§ **Provided records**:
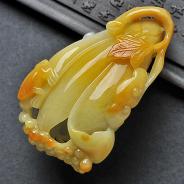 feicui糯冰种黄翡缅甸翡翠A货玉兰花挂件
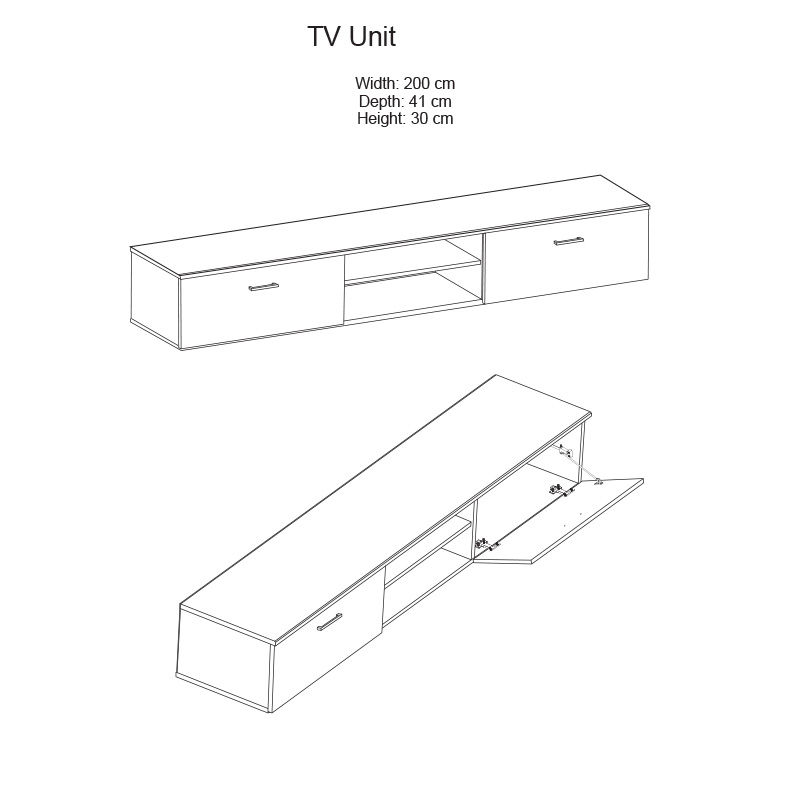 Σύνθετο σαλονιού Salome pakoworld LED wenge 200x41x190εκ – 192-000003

--

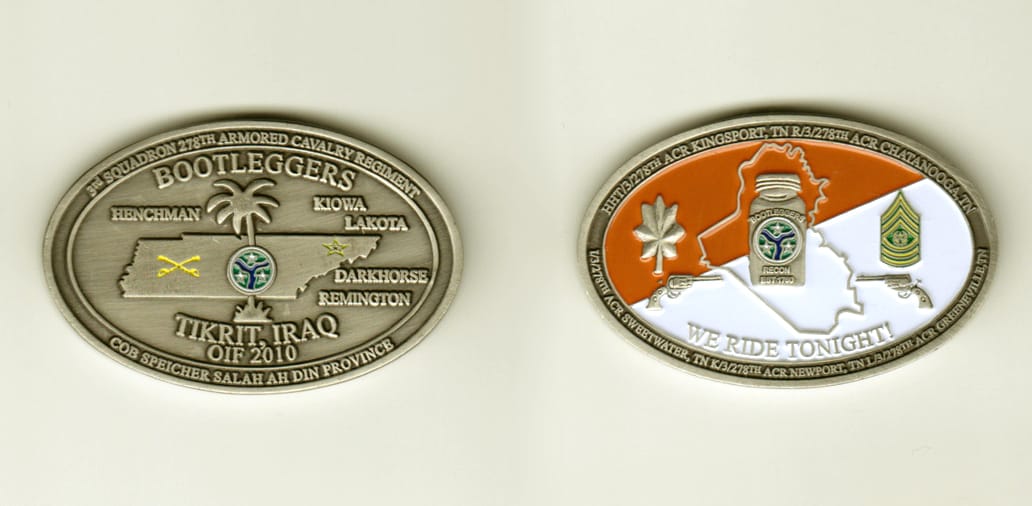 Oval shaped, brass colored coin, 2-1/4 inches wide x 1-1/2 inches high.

...

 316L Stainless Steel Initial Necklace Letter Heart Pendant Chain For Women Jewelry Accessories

§ **What is being asked**: Return the lines above from the one with "feicui糯冰种黄翡缅甸翡翠A货玉兰花挂件" through the one with "Σύνθετο σαλονιού Salome", verbatim and nothing else. Omit every picture.

§ **Expected output**:
 feicui糯冰种黄翡缅甸翡翠A货玉兰花挂件
 Σύνθετο σαλονιού Salome pakoworld LED wenge 200x41x190εκ – 192-000003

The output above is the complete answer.